Główne pojęcia
Retrieval-augmented language models (RAG) can reduce generation risks with certified guarantees.
Streszczenie
Abstract:
- Large language models (LLMs) face trustworthiness issues.
- Retrieval-augmented language models (RAG) aim to enhance credibility.
- C-RAG framework certifies generation risks for RAG models.
Introduction:
- LLMs exhibit emergent abilities but suffer from unreliable generations.
- RAG models aim to mitigate generation risks through in-context learning.
- Theoretical analysis of generation risks for RAG models is explored.
Conformal Generation Risks of RAG Models:
- Constrained generation protocol for RAG models proposed.
- Conformal risk analysis for RAG models under the protocol.
- Certifies generation risks based on test statistics from calibration samples.
Theoretical Analysis of C-RAG:
- RAG achieves lower conformal generation risk compared to LLMs.
- Benefits correlated with quality of retrieval model and transformer.

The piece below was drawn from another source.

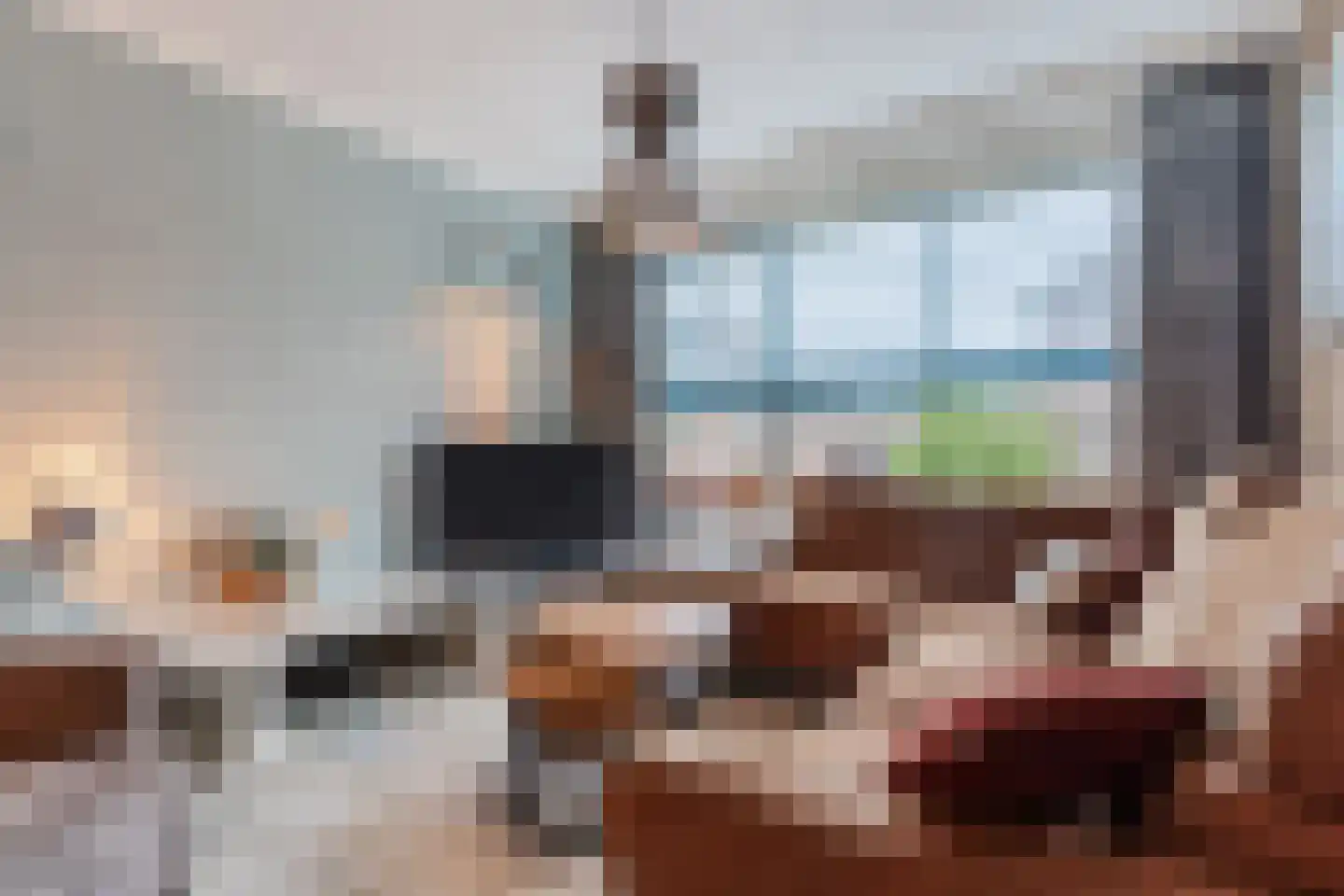 Frankenstraat 3 Eersel thumbnail 8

- Theoretical results presented in a certification framework.
Out-of-Distribution Test Samples:
- Conformal risk analysis under distribution shifts for general bounded risk functions.
Evaluation:
- C-RAG evaluated on four NLP datasets with different retrieval models.
- Conformal generation risks validated and compared across models.
- Soundness and tightness of conformal generation risks under distribution shifts demonstrated.
Statystyki
RAG achieves a lower conformal generation risk than a single LLM when the quality of the retrieval model and transformer is non-trivial.